** Collected data **
------------------------

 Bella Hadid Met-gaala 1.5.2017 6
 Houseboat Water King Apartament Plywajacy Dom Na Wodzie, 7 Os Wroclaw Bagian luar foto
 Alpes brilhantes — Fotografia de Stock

------------------------

** Exercise aim **
Every line of the material should come back unchanged.

** Answer box **
 Bella Hadid Met-gaala 1.5.2017 6
 Houseboat Water King Apartament Plywajacy Dom Na Wodzie, 7 Os Wroclaw Bagian luar foto
 Alpes brilhantes — Fotografia de Stock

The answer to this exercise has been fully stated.